═══ EXTRACTED RECORDS ═══

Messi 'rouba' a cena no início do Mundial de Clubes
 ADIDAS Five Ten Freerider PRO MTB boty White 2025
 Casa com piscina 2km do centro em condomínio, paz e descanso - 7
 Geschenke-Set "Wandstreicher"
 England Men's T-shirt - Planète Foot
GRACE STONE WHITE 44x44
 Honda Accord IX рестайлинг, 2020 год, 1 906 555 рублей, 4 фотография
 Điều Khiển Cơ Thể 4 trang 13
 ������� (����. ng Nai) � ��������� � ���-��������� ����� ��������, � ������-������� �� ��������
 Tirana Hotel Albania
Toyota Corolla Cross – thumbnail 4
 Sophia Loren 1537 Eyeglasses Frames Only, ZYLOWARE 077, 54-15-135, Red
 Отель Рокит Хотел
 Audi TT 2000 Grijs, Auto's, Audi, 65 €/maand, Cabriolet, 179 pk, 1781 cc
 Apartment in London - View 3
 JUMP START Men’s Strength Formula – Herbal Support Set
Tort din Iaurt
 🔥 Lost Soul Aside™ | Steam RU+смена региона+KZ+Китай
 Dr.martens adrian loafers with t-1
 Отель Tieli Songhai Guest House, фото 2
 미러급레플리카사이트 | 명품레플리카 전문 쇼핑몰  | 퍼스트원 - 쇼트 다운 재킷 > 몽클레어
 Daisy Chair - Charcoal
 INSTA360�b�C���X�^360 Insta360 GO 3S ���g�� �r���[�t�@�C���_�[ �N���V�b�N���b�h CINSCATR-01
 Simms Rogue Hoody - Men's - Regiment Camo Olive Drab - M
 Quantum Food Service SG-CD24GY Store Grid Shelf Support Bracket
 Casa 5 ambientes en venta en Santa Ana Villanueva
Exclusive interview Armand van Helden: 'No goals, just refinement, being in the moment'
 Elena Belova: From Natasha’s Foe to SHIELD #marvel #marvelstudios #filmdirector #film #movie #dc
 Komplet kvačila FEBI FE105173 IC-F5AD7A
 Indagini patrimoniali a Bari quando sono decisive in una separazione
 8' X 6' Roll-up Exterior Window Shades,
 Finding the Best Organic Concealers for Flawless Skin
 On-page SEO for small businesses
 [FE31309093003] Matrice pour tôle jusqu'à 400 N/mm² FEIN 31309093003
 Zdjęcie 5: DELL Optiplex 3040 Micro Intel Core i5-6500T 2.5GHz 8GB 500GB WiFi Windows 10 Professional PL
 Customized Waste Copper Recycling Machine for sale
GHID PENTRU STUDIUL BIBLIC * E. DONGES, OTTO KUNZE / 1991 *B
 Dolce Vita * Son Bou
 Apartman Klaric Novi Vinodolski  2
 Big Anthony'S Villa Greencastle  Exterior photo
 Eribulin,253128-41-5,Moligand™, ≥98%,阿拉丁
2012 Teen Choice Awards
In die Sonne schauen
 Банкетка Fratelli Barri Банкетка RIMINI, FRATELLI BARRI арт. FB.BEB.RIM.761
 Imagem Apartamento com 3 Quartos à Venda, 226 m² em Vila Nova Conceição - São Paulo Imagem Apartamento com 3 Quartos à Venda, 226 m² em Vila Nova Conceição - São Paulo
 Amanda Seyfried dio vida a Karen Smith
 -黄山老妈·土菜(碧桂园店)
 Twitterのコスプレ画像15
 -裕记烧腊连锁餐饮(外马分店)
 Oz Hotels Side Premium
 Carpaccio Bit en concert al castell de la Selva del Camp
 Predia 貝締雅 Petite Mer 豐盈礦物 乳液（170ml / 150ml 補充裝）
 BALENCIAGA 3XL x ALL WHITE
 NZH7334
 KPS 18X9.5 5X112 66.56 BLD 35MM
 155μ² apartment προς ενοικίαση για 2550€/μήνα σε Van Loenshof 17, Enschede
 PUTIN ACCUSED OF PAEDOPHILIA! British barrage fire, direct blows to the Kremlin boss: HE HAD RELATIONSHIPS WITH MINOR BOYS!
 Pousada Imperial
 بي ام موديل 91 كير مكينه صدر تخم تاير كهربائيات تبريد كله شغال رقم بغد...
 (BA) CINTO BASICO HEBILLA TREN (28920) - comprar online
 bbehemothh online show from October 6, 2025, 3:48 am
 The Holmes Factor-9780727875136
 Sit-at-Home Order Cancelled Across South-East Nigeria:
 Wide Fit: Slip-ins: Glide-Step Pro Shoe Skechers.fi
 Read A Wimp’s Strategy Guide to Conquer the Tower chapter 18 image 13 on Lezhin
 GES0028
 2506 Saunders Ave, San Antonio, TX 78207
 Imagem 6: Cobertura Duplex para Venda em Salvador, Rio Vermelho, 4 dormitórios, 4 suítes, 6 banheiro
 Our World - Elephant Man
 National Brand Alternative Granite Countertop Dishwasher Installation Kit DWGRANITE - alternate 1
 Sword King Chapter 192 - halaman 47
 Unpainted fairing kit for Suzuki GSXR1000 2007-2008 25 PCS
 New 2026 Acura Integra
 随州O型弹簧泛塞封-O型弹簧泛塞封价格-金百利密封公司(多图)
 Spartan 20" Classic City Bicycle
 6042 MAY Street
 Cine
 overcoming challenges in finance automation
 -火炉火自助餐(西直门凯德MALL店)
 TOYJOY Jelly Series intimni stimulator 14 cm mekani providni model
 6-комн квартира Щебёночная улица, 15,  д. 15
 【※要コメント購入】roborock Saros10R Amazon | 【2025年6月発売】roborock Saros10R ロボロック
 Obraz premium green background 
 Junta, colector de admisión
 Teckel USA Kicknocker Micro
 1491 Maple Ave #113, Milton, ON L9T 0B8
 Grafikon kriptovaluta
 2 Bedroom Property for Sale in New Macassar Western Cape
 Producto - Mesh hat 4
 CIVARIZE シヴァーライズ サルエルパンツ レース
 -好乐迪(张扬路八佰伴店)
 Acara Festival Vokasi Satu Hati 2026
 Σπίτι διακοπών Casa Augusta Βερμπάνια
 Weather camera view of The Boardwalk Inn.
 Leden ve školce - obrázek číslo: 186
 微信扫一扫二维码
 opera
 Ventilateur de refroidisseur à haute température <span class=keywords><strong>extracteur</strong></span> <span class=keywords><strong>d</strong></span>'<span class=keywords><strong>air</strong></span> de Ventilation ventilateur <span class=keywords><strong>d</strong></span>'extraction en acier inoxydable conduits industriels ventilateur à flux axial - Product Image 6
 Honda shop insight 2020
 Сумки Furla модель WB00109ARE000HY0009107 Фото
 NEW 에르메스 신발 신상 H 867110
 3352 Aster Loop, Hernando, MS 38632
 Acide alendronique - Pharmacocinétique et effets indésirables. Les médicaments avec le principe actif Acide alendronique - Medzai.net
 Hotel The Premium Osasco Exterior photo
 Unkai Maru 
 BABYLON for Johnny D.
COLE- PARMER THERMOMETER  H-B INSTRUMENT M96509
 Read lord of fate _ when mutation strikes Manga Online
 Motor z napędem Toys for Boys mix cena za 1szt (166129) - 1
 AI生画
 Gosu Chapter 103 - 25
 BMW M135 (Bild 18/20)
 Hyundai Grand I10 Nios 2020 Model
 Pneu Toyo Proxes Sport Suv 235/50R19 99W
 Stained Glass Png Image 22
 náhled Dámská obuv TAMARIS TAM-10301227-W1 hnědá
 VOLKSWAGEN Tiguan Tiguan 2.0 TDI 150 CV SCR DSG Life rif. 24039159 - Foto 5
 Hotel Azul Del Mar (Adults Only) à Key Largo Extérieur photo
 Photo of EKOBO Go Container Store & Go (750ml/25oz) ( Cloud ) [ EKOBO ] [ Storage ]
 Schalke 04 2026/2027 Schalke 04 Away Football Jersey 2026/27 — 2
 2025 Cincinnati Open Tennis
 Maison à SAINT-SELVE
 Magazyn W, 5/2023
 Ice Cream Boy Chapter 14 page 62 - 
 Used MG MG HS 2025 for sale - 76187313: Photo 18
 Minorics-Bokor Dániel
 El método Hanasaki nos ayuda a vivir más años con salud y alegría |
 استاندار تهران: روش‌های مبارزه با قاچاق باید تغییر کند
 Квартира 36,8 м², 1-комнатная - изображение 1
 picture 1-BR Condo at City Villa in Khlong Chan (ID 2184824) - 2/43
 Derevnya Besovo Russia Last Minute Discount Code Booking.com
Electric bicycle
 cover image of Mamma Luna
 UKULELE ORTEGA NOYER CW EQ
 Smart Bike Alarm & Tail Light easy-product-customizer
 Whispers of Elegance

═══

■ **YOUR GOAL**
Every line of the listing that includes "Store" must be shown.

■ **TASK ANSWER**
 Quantum Food Service SG-CD24GY Store Grid Shelf Support Bracket
 Photo of EKOBO Go Container Store & Go (750ml/25oz) ( Cloud ) [ EKOBO ] [ Storage ]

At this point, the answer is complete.